McCormack, who became bishop of New Hampshire in 1998, has been dogged for nearly a year by accusations that he failed to protect children from sexually abusive priests while he served in the Archdiocese of Boston as a top deputy to Cardinal Bernard Law from 1984 to 1994. Law resigned as archbishop on Friday.
Last week, McCormack averted unprecedented criminal charges against the diocese of endangering children by moving abusive priests from parish to parish. As part of an agreement with state prosecutors, McCormack acknowledged that the church had harmed children by such moves.

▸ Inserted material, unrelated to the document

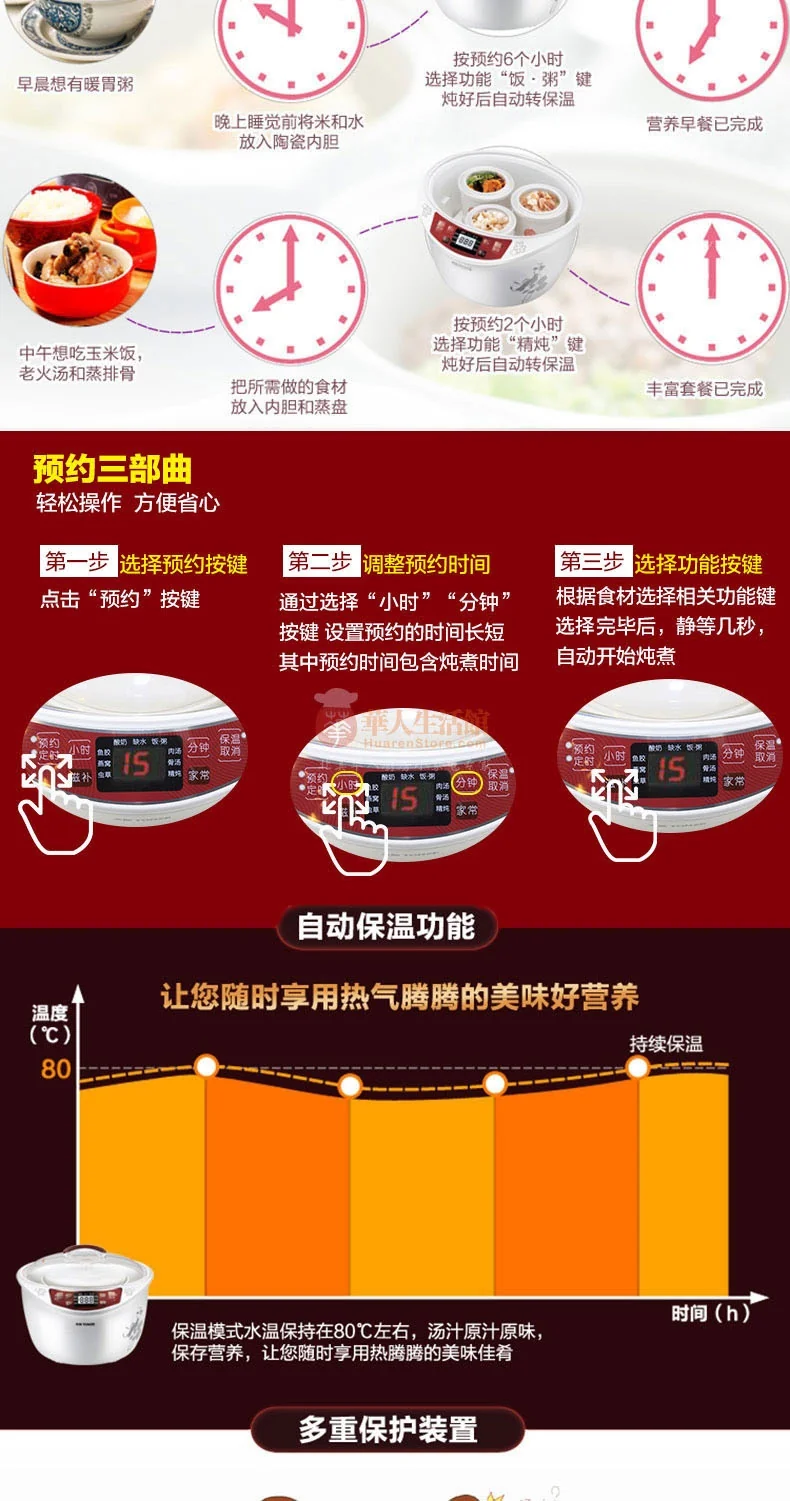 天际Tonze 家庭款隔水电炖盅3.2L DGD32-32BG 一锅四胆 隔水精炖 上置式面板 汤粥饭酸奶样样行 详情图 14
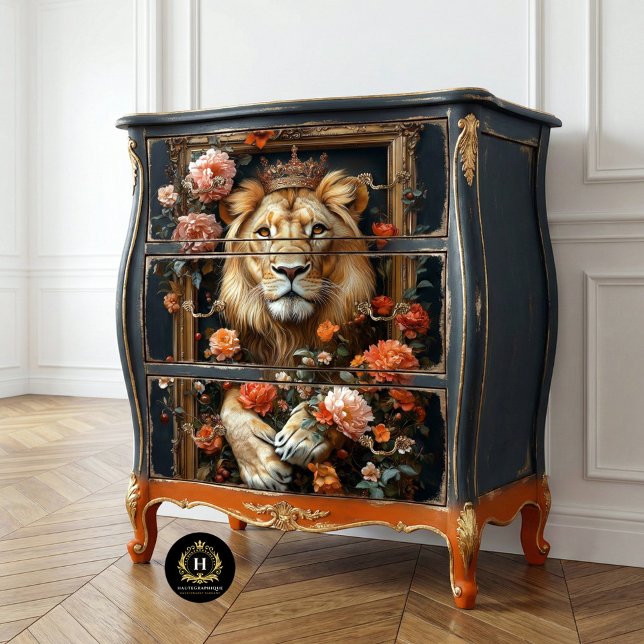 Royal Lion King Crown Floral Frame Decoupage Seidenpapier (Von Creator hochgeladen)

However, McCormack tempered the remark by adding that the best way he can help alleged victims is “to serve and lead the church in New Hampshire well.”
The Rev. Edward Arsenault, chancellor of the diocese, said Sunday that McCormack has no plans to step down.
Roughly 350 people who attended the morning Mass gave McCormack a standing ovation at the close of his opening remarks.
McCormack apologized again Sunday to the alleged victims of abuse but also criticized the attention paid to scandal, calling it a “bizarre interest in the details of these horrible acts which repulse us.”
McCormack was expected to be questioned in civil lawsuits Monday in Massachusetts, where he also has been subpoenaed in a grand jury criminal investigation in that state involving the church scandal.
In New York, priests in the Diocese of Brooklyn are hoping they will have some say in the replacement of their bishop, Thomas Daily, now that Law has resigned. Daily was an adviser to Law and was involved in the transfer of priests in the Boston Archdiocese who were accused of sexual abuse.
“As of today, we see all the more reason why the priests and laity should have input,” Msgr. John Powis of St. Barbara’s Church in Brooklyn, told Newsday for a story in Saturday editions.
In September, Daily submitted a retirement letter, a mandatory practice for bishops who turn 75. The pope must now decide whether to accept.